▸ YOUR ASSIGNMENT
Where an entry holds an image, skip the image but reproduce the rest word for word.

▸ Caption-style text data

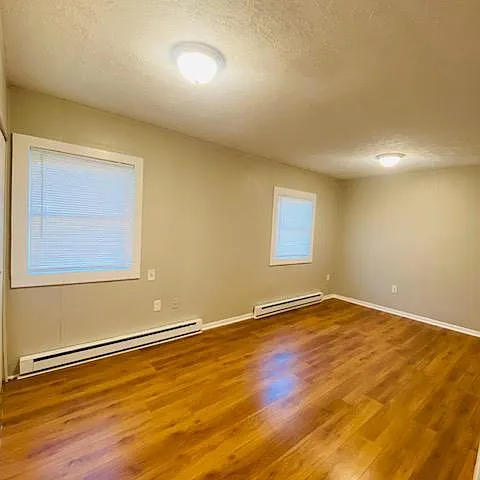 112 Blueview Dr SW — Photo 4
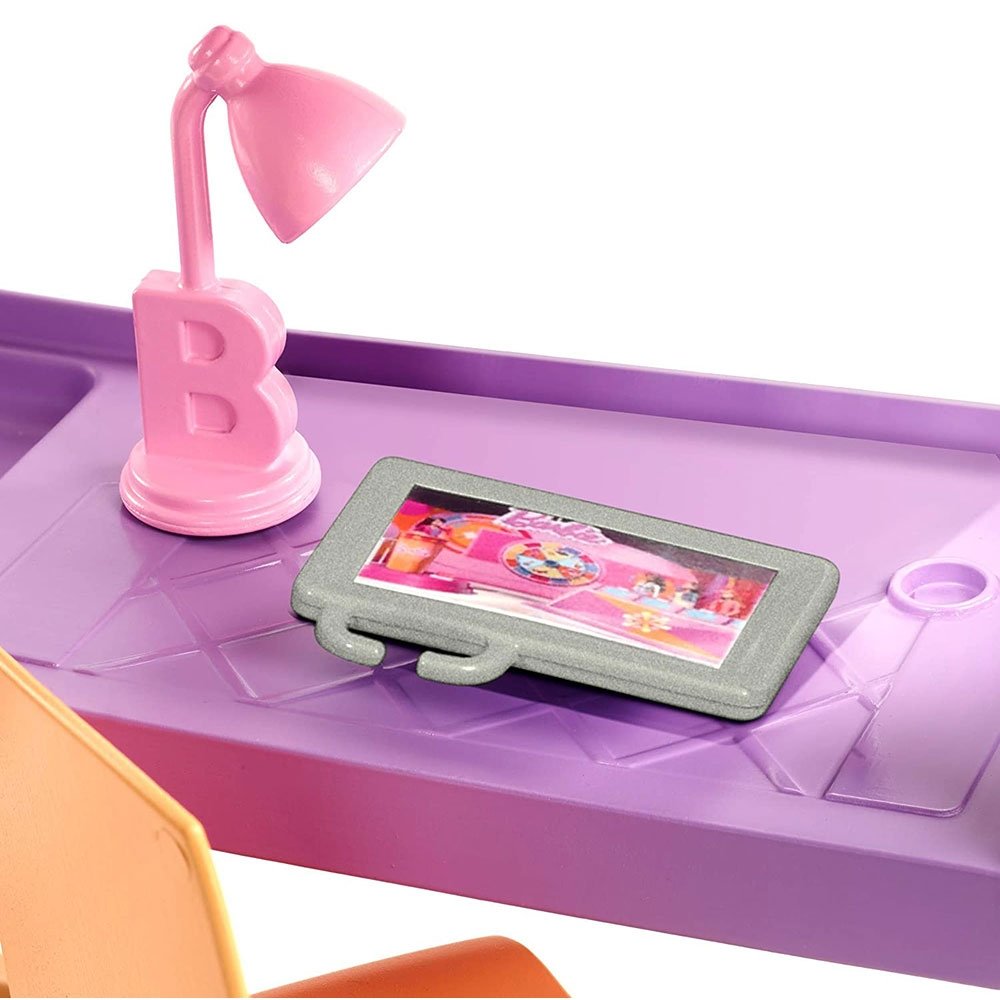 Set Barbie by Mattel Estate Birou cu pat supraetajat, papusa si accesorii 9 Set Barbie by Mattel Estate Birou cu pat supraetajat, papusa si accesorii - Image 8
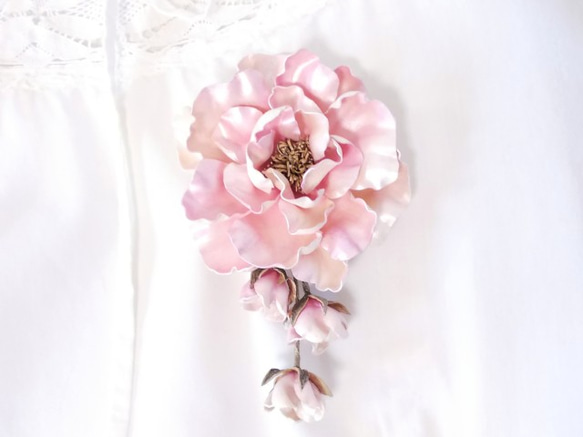 [K&#39;s 訂購] 舊玫瑰花蕾皮革胸花（甜粉色） 第1張的照片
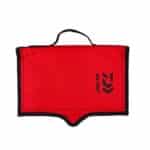 Estuche porta bajos de línea de surfcasting Daiwa abierto mostrando las fundas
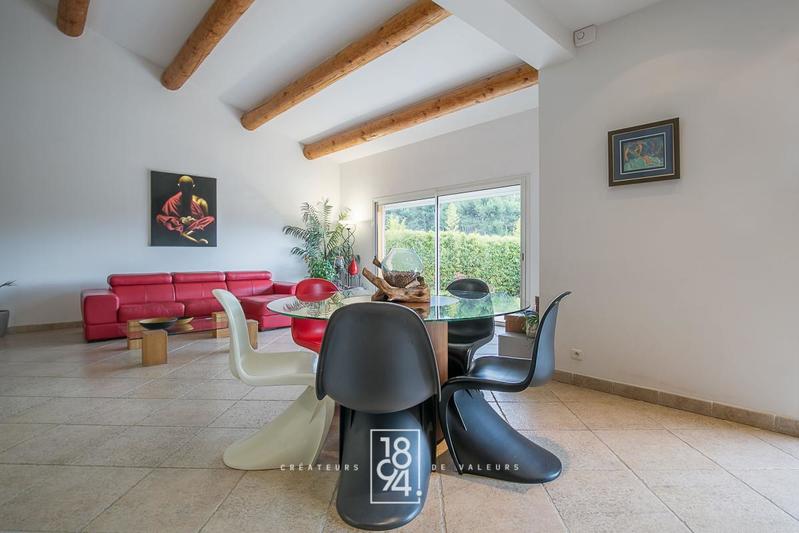Maison - 162 m² - 5 pièces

▸ SOLUTION FOR THIS PROBLEM
 112 Blueview Dr SW — Photo 4
 Set Barbie by Mattel Estate Birou cu pat supraetajat, papusa si accesorii 9 Set Barbie by Mattel Estate Birou cu pat supraetajat, papusa si accesorii - Image 8
 [K&#39;s 訂購] 舊玫瑰花蕾皮革胸花（甜粉色） 第1張的照片
 Estuche porta bajos de línea de surfcasting Daiwa abierto mostrando las fundas
Maison - 162 m² - 5 pièces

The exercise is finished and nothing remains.